Wednesday 3 December 2008

Is the mortgage crisis just a massive failure of consumer protection policy?

I mean, I am not a financial expert (not that experts appear to have fared so well!) - nor do I know much about mortgage (I don't even exactly have one...in France you mostly end up with some sort of state-sponsored mutual insurance on your housing loans, which mean your house is not mortgaged...). But then again, I am some kind of pseudo-expert on all things regulatory, at least outside of the financial sector. And one thing on which I have spent a lot of time (fighting corrupt bureaucrats loving to abuse their powers, particularly in the former Soviet Union) is consumer protection. So I know a tiny bit about it. And it strikes me that the reason this mortgage crisis is really huge in the US, and not in Europe, is consumer protection. European financiers are just as mad (madder?) and greedy (greedier?) as the American ones (and by the way, greed is arguably a virtue for a financier?) - so they invested in US mortgages, far more than in European ones (the UK might be a partial exception). Why? not just because the US had stronger growth - just simply because it had all these mortgages, I mean these crazy ones!

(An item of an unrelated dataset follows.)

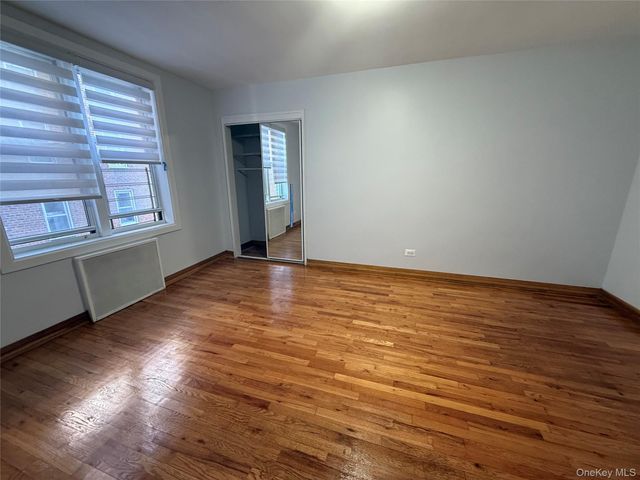 62-59 108th Street 3, Forest Hills, NY 11375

Why this is not discussed more broadly strikes me as a crazy form of US-centric provincialism: regulations on what loans financial institutions can be allowed to make to borrowers, and to what information they are required to provide to borrowers.
In other words:
- consumers/borrowers should be very clearly explained the risks and downsides of the products they take- some products might be too risky to be allowed altogether (not a favourite of mine but at least worth discussing)
- lenders could be required to strictly check the indebtedness of potential clients, and forbidden to lend beyond a certain limit (of course, if the client lied, s/he would be responsible
- but if the bank lent in spite of information meaning it should not have lent, it could find its loan agreement unenforceable).There has been much work on consumer/lender protection done in several EU states, including France (and including, another provision suggested in one of the posts, standardized loan agreements).

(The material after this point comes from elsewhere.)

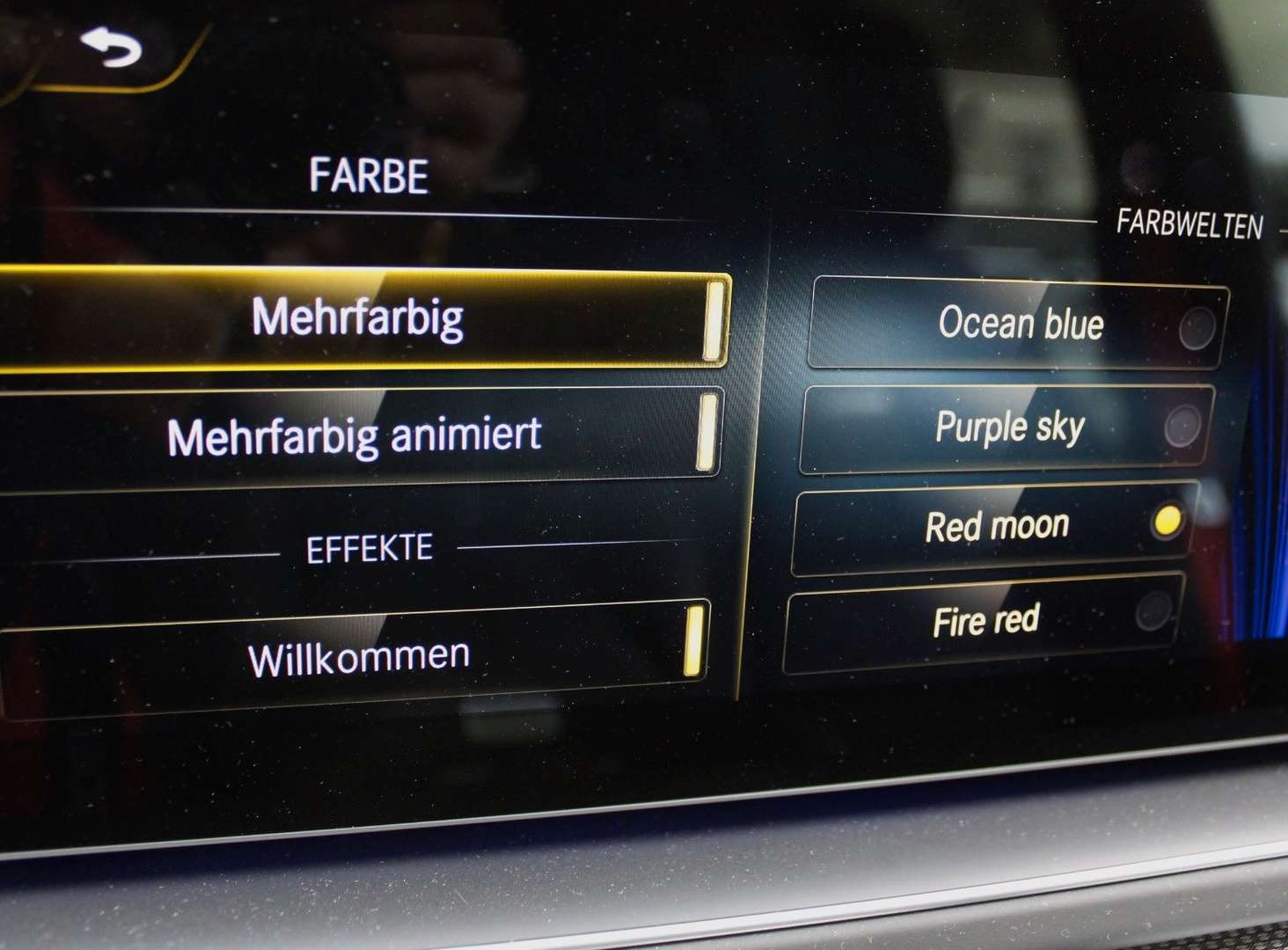 Mercedes GLE 53 AMG 53 Night Edition - 2023 - Joinsteer - #14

Experience suggests it works pretty well - again, European banks were just as greedy and dumb as US ones (see their exposure to sub-prime and CDOs etc.) and EU consumers are certainly not smarter than US ones - but there is no subprime mortgage crisis in, say, France or Germany. QED. Regulation makes sense when it is smart - consumer protection, through requirements to inform transparently and through interdiction of certain types of transactions, when too much risk is involved, is a good example. All regulatory reform experts now look far more to the EU as a place where smart regulation is being experimented, as to the US. Even the UK, when it developed a regulatory reform programme (Hampton Review), looked at the Netherlands - not at the US.